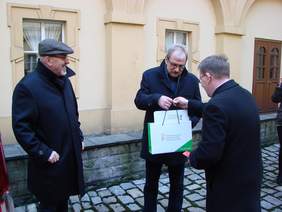 Pokaż zdjęcie: Uroszysty odbiór busa dla podopiecznych Domu Pomocy Społecznej w Prószkowie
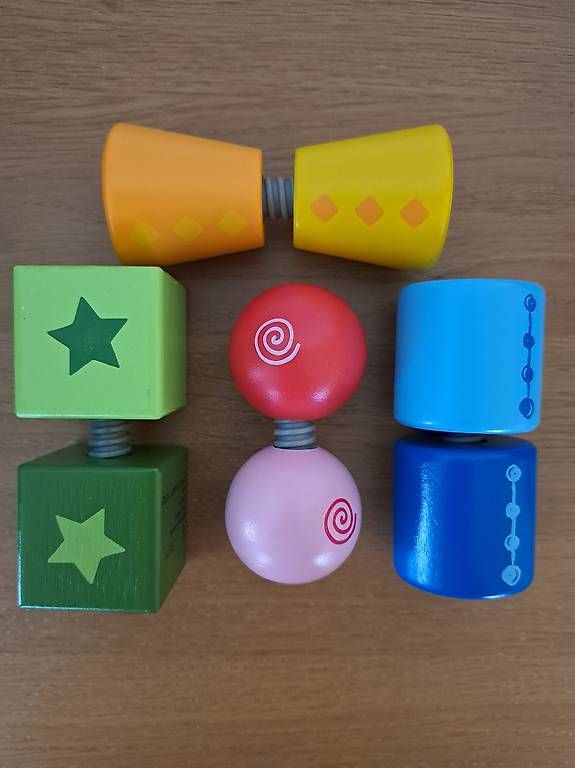 Giocattoli: Hape Schraubklötze – Usato da Kleindöttingen venduto da malou66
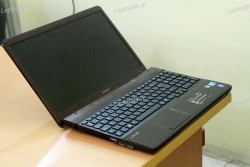 Laptop Sony Vaio VPCEB46FX (Core i5 460M, RAM 2GB, HDD 250GB, Intel HD Graphics, 15.5 inch)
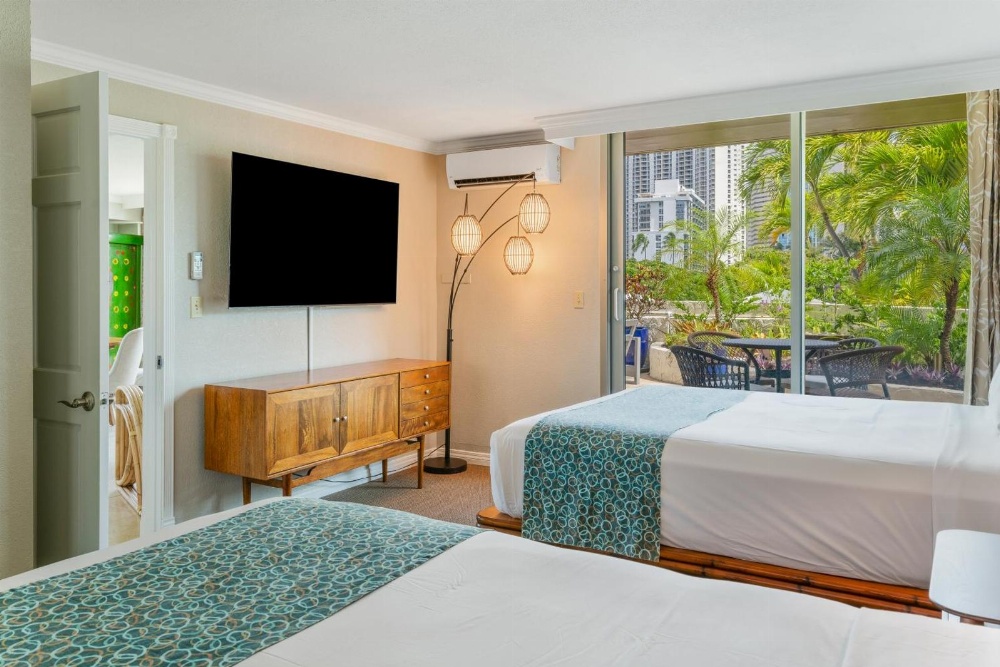 Luana Waikiki Hotel & Suites Main image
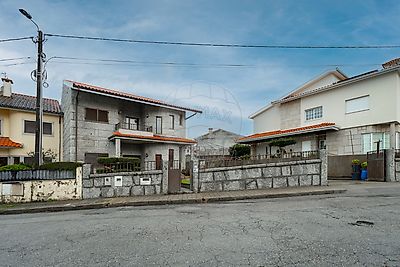Moradia T4 à venda em Margaride (Santa Eulália), Várzea, Lagares, Varziela e Moure, Felgueiras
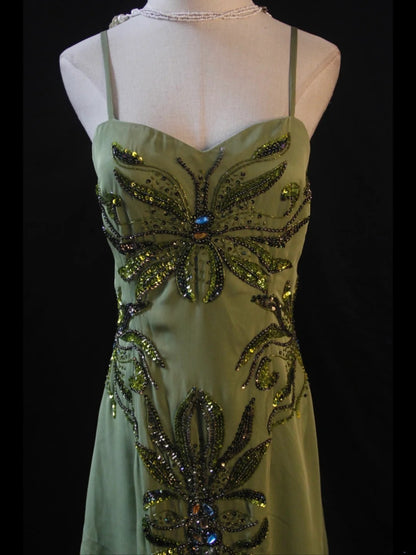 Robe de bal longue rétro années 50, coupe trapèze, bretelles spaghetti, en mousseline vert olive ornée de perles - Inspiration pour une tenue de 21e anniversaire - Robe de soirée AS412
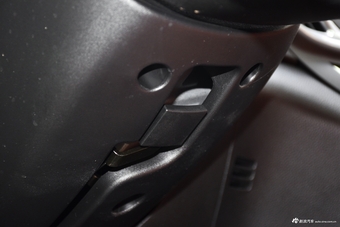 2017款宝骏560律动版1.5T手动乐享型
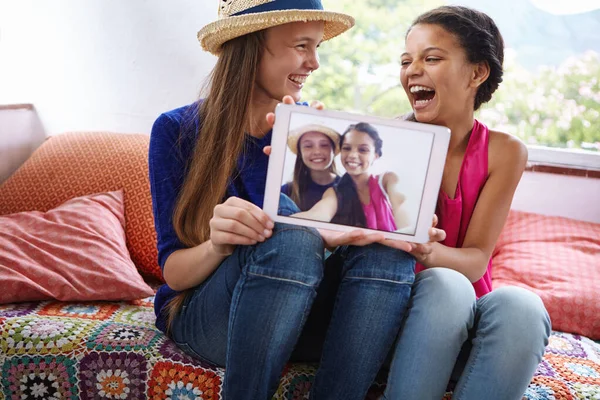 Después Las Selfies Escolares Amigos Adolescentes Tomando Una Selfie Juntos —  Fotos de Stock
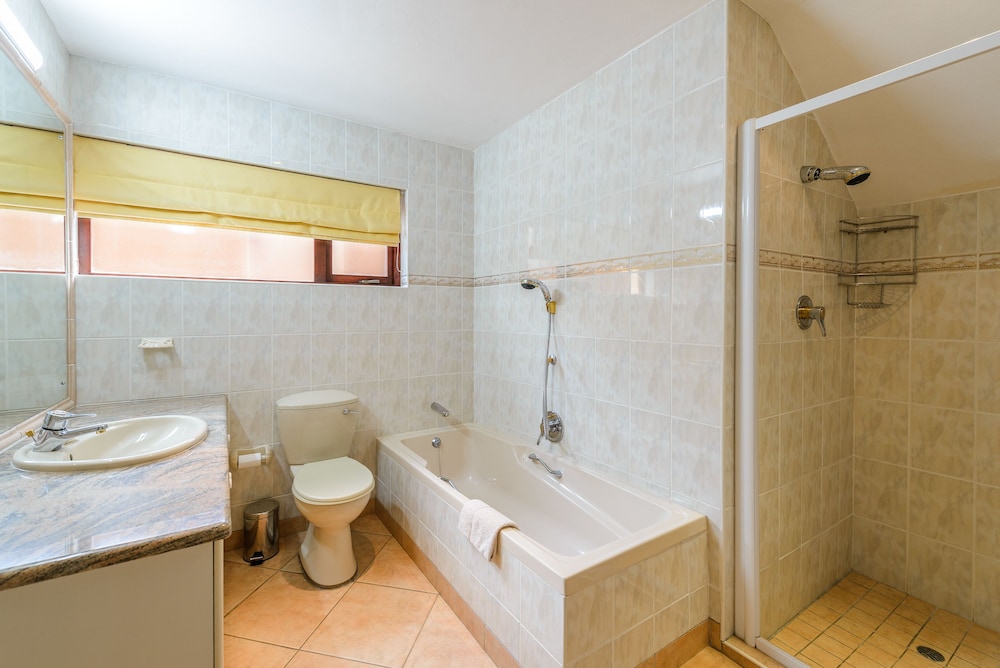 Three Bedroom Luxury 13908 photo 2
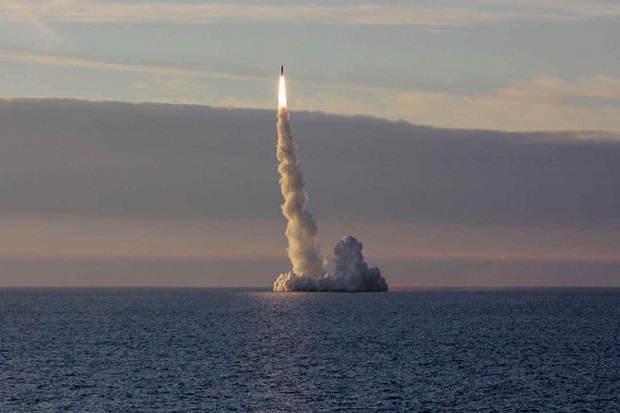 Kapal Selam Nuklir Rusia Uji Tembak Rudal Balistik Antar-Benua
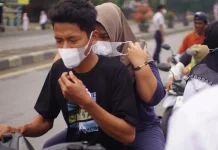 Pemkab Dharmasraya Bagikan Ribuan Masker Cegah Dampak Kabut Asap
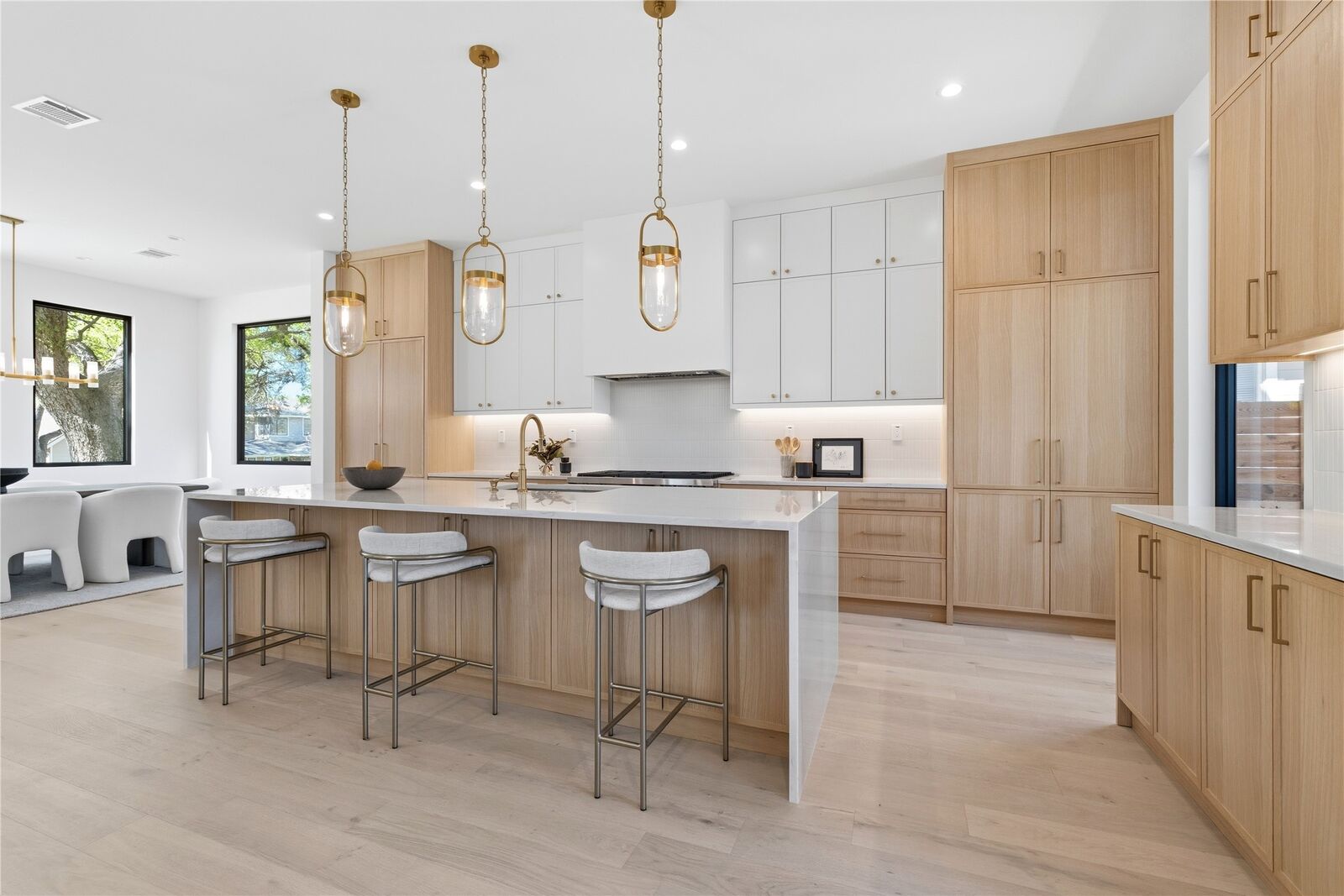 Property Photo:  1702 W 30th Street  TX 78703 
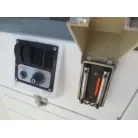 右、電動リールのコンセント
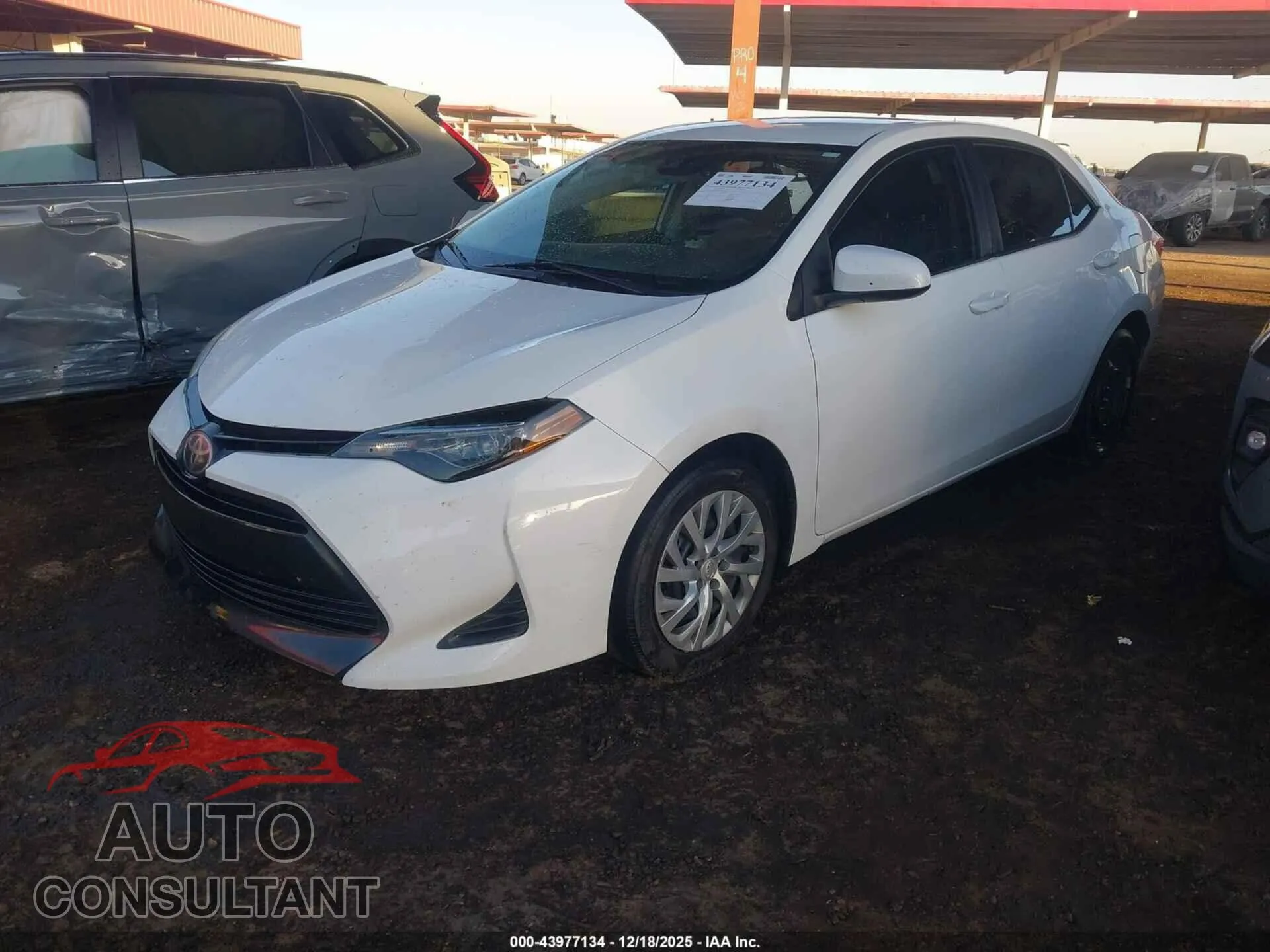2019 TOYOTA COROLLA Damaged VIN 2T1BURHE0KC196208 – rear exterior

_Try it_:
Excluding the images, copy all of the material above verbatim.

_Result of the task_:
 Pokaż zdjęcie: Uroszysty odbiór busa dla podopiecznych Domu Pomocy Społecznej w Prószkowie
 Giocattoli: Hape Schraubklötze – Usato da Kleindöttingen venduto da malou66
 Laptop Sony Vaio VPCEB46FX (Core i5 460M, RAM 2GB, HDD 250GB, Intel HD Graphics, 15.5 inch)
 Luana Waikiki Hotel & Suites Main image
Moradia T4 à venda em Margaride (Santa Eulália), Várzea, Lagares, Varziela e Moure, Felgueiras
 Robe de bal longue rétro années 50, coupe trapèze, bretelles spaghetti, en mousseline vert olive ornée de perles - Inspiration pour une tenue de 21e anniversaire - Robe de soirée AS412
 2017款宝骏560律动版1.5T手动乐享型
 Después Las Selfies Escolares Amigos Adolescentes Tomando Una Selfie Juntos —  Fotos de Stock
 Three Bedroom Luxury 13908 photo 2
 Kapal Selam Nuklir Rusia Uji Tembak Rudal Balistik Antar-Benua
 Pemkab Dharmasraya Bagikan Ribuan Masker Cegah Dampak Kabut Asap
 Property Photo:  1702 W 30th Street  TX 78703 
 右、電動リールのコンセント
2019 TOYOTA COROLLA Damaged VIN 2T1BURHE0KC196208 – rear exterior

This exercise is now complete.